The last two volumes of My Monster Secret have seen the manga drifting through a variety of chapter-length adventures, before settling into the more long-form and ultimately satisfying trip to Shiragami's parents' house. In light of the events of volume five, it seems that even creator Eiji Masuda realized the relative strength of dedicated arcs over one-off diversions, as this volume is largely divided into two multi-chapter stories. Of course, that's after we get introduced to the newest addition to the cast - Asahi Kuromine's granddaughter from the future, Rin Kiryuin.

Rin doesn't actually get to do all that much in this volume, but her presence is still a welcome addition. To a cast already full of upbeat character archetypes, she adds a sort of deadpan little sister type, blessed with the wonderful quality of not being romantically interested in Asahi himself. That lack of romantic interest is starting to become one of My Monster Secret's greatest features; though Shiragawa, Aizawa, and Akemi all have some romantic interest in Asahi, the majority of the cast are simply ridiculous goofballs with more self-focused goals.

Those goals all get a chance to shine in this volume's first major arc, the school athletic festival. The stage is set by principal Akane setting the prize as an actual wish granted, which prompts furious competition among the cast's most ruthless members. Making use of close to a dozen key players, the festival is a madcap display of constant incidental comedy. Not every joke here landed for me, but the arc demonstrates such consistent energy and regular gags that it's hard not to get caught up in the fun. Watching Shiragawa's twenty-foot-tall father “disguise” himself with a luchador mask, or take videos of his daughter's exploits while in the form of a giant bat, is pretty close to the essence of what makes this manga fun.
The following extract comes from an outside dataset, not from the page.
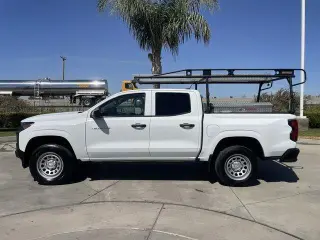 Chevrolet Colorado 2024 4x2 Work Truck 4dr Crew Cab 5 ft. SB
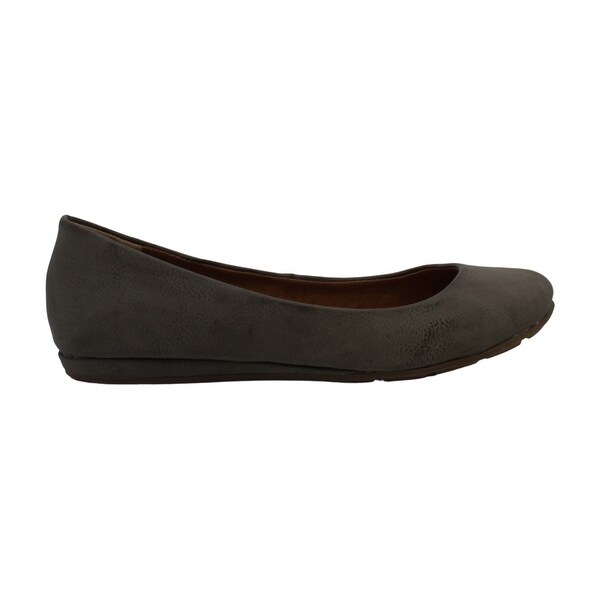 womens grey flat dress shoes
The volume's second arc is even more rewarding, if only because it lets Mikan Akemi come into her own as a character. Akemi has up until now split the difference between “simplistic antagonist” and “third string romantic rival,” but an arc that sees her and Asahi diving fifty years into the future ends up adding some welcome texture to her relationship with our hero.

This arc also makes strong use of the fact that Akemi is one of the few main cast members who isn't allowed to know about all the various cast secrets. Confronted with spectacles like Rin's tiny dragon or Aizawa's alien form, Akemi can only assume that she herself is losing her mind. Forcing Akemi to act as the “straight man” also goes a long way towards humanizing her overall character. It'll be interesting to see if she moves towards becoming a confidant for Asahi in the same way Shiho fills that role for Shiragawa.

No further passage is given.